→ Instructions to follow:
Word for word, restate every line of the listing that follows.

→ Data records:
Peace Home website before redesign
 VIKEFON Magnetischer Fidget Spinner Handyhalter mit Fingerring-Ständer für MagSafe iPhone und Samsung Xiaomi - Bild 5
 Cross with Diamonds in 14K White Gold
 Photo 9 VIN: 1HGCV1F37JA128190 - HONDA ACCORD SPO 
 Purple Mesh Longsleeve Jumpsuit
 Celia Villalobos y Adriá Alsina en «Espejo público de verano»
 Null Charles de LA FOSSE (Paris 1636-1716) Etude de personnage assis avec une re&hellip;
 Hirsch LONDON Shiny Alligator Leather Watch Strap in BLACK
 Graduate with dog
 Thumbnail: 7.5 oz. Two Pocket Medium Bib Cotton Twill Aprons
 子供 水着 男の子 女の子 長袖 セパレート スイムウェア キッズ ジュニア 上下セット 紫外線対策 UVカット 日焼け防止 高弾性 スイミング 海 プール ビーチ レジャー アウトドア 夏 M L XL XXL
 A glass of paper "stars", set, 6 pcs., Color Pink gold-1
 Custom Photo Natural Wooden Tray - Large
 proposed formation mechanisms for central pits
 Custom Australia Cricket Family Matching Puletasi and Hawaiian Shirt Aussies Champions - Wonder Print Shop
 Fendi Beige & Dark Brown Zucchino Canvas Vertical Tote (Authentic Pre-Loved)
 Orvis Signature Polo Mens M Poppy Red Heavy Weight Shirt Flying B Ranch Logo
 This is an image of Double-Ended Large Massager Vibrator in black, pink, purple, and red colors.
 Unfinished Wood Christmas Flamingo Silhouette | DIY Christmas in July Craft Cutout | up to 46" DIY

→ Reply to the exercise:
Peace Home website before redesign
 VIKEFON Magnetischer Fidget Spinner Handyhalter mit Fingerring-Ständer für MagSafe iPhone und Samsung Xiaomi - Bild 5
 Cross with Diamonds in 14K White Gold
 Photo 9 VIN: 1HGCV1F37JA128190 - HONDA ACCORD SPO 
 Purple Mesh Longsleeve Jumpsuit
 Celia Villalobos y Adriá Alsina en «Espejo público de verano»
 Null Charles de LA FOSSE (Paris 1636-1716) Etude de personnage assis avec une re&hellip;
 Hirsch LONDON Shiny Alligator Leather Watch Strap in BLACK
 Graduate with dog
 Thumbnail: 7.5 oz. Two Pocket Medium Bib Cotton Twill Aprons
 子供 水着 男の子 女の子 長袖 セパレート スイムウェア キッズ ジュニア 上下セット 紫外線対策 UVカット 日焼け防止 高弾性 スイミング 海 プール ビーチ レジャー アウトドア 夏 M L XL XXL
 A glass of paper "stars", set, 6 pcs., Color Pink gold-1
 Custom Photo Natural Wooden Tray - Large
 proposed formation mechanisms for central pits
 Custom Australia Cricket Family Matching Puletasi and Hawaiian Shirt Aussies Champions - Wonder Print Shop
 Fendi Beige & Dark Brown Zucchino Canvas Vertical Tote (Authentic Pre-Loved)
 Orvis Signature Polo Mens M Poppy Red Heavy Weight Shirt Flying B Ranch Logo
 This is an image of Double-Ended Large Massager Vibrator in black, pink, purple, and red colors.
 Unfinished Wood Christmas Flamingo Silhouette | DIY Christmas in July Craft Cutout | up to 46" DIY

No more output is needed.